Hit Parade 

An animal that looks like a hot dog with buck teeth and a tail. A rodent that acts like a termite. A queen that bears all the babies. These are just a few things that make naked mole rats among the most fascinating animals in the world.

-- St. Louis Zoo press release

RATED X: The members of the Brand X Comedy Troupe are channeling a bit of the spirit of the Little Rascals. They find a space, they throw a show.

Lately that's meant working the boards in a small, perhaps unlikely place: the "Little Theatre" of St. John's Episcopal Church, 3664 Arsenal, near Grand. The site offers them what they need -- namely, a stage, some tables and chairs and a regular venue to call home. Little else is offered. The utilitarian pink walls are simply those of a church annex, no adornment added. Same with the oversized kitchen, the bulletin boards, even the clock that's stopped for perpetuity at 12:47. Curtains? Who needs 'em? Swanky lobby? Save it for the burbs!

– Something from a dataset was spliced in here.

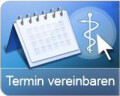 Logo Regge, Susanne Dr.med.
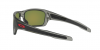 OKULARY OAKLEY® TURBINE OO 9263 926357 63 ROZMIAR L Z POLARYZACJĄ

It's an unlikely venue in that the troupe's material is oftentimes quite blue. Randy. Ribald. Lusty. Hair-raisingly frank. Delightfully saucy. Filled with references to things profane, sensual and, sure enough, religious. ("Yes, we're called Brand X for a reason," says co-director Christopher Quain. "It gets kinda racy sometimes.")

It's a likely venue in that local resident Dale Cannon has promoted variety shows at the church, and playwright Jerrold Rabushka has hosted several independent plays there. Currently Brand X is alternating weekends with Team Improv; Cannon calls the setup the "16th City Comedy Club."

Over the years, more than two dozen folks have cycled through the group, some not even managing to stay around long enough to do a public show. Doug Golden, a co-director, now claims the longest continuing tenure of the six-person troupe. "There's the time commitment, or they just need to move on," he says. "Or, sometimes, we just give them the boot."

Two weekends back, the group debuted in a new form. Mainstays Golden, Quain and Dan Gordon were joined by newcomers Cindy Benson, Elizabeth Lonigro and Mark Archambeault, a high-schooler who was looking for "an improv group to add to his resume." How cheeky! (Though young, he definitely held his own.) Some of the performers have been around a bit; others haven't.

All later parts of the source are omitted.